“NEVERWAS (Amber House Trilogy),” by Kelly Moore, Tucker Reed and Larkin Reed, Arthur A. Levine Books, Jan. 7, 2014, Hardcover, $17.99 (young adult)
When last we visited Amber House, Sarah Parsons had made a transforming choice, but it was the wrong choice, and now Sarah must choose again or let history continue to rewrite itself.
After growing up in the free country of the Pacific Northwest, Sarah Parsons has settled in at Amber House, the stately Maryland home that’s been in her family for generations. But the world surrounding the House feels deeply wrong to Sarah. It’s a place where the colonists lost the 1776 Insurrection, where the American Confederation of States still struggles with segregation, and where Sarah is haunted by echoes of a better world that she knows never existed.
Her friend Jackson shares these visions of a different world — and together, they manage both to remember the way things ought to be, and to plan a daring mission that will reset the universe once again. It will involve objects from the past, knowledge of the future, a leap into the unknown … and in the end, a sacrifice Sarah never imagined.*
When “Amber House” came out in 2012, it really stuck with me. The mother-daughters trio of Kelly Moore and Tucker and Larkin Reed created a story with magical elements that had a feeling of reality. That same feeling is carried out in “Neverwas,” the second book in the Amber House Trilogy. As with its predecessor, “Neverwas” feels cohesive — if I had not known there were three authors from the outset, I never would have guessed from the narrative.

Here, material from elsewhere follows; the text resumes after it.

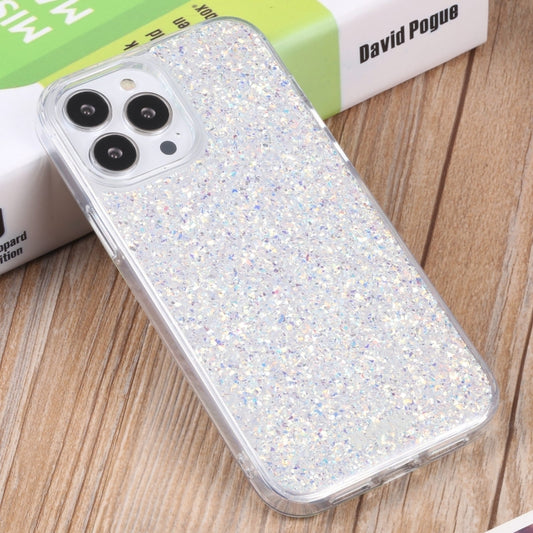 For iPhone 14 Pro DFANS DESIGN Starry Sky Epoxy Phone Case(Silver) - iPhone 14 Pro Cases by DFANS DESIGN | Online Shopping UK | buy2fix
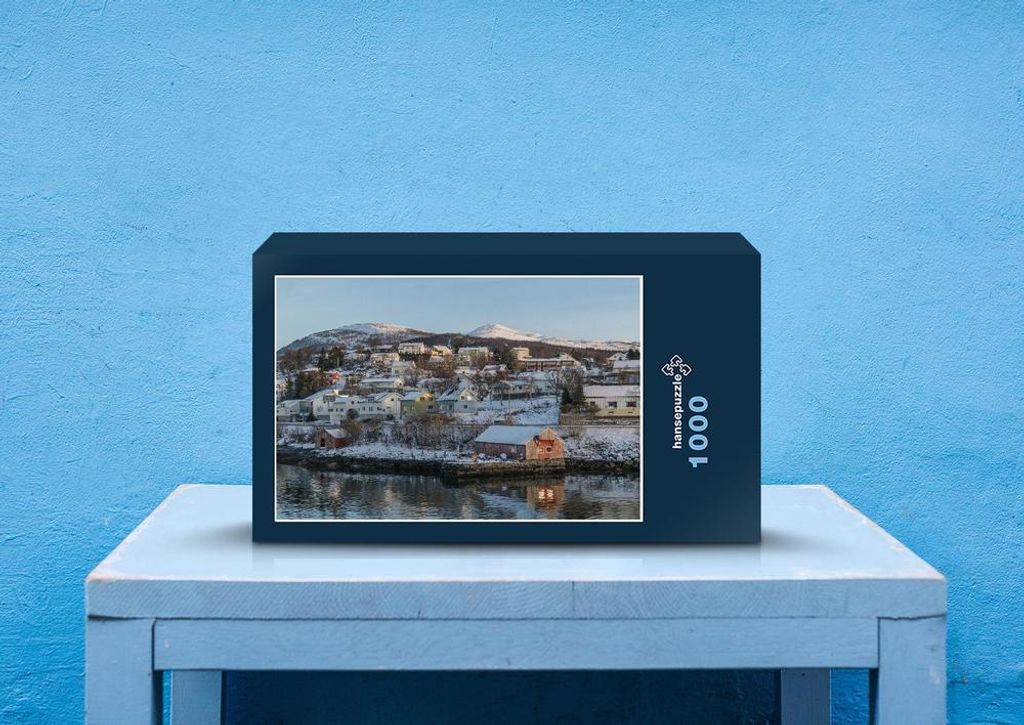 hansepuzzle 73689 - Tromso Puzzle, 1000 Teile, Orte, 60,0 x 46,0cm mit hochwertiger Aufbewahrung, Kartonbox und wiederverschließbarem Beutel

With “Neverwas,” I was once again swept up in Sarah’s story. It was fascinating to enter a world where the United States isn’t united but rather countries that may have been. It’s a world where the Nazis didn’t lose, and segregation is alive and well in the American Confederation.

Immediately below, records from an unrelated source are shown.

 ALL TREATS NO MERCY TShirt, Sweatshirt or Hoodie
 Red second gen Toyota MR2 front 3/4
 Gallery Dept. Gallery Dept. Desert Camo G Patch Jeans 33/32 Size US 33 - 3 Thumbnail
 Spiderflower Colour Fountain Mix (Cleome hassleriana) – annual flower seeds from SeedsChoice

As Sarah embarks on a journey to bring back a better world, we get to know her and her family better. Again, the highlight for me is Sarah’s interaction with her younger brother who appears to be simple but has a depth of understanding far beyond what he should.
“Neverwas” ends in a cliffhanger of sorts. Sarah has changed history again, but to what, we’ll have to wait for the final book in the Amber House trilogy. It’s sort of a typical middle-book treatment, although it feels less like a setup than many of its contemporaries. I’m excited to see where this writing trio takes things. Fingers crossed Book 3 lives up to the first two.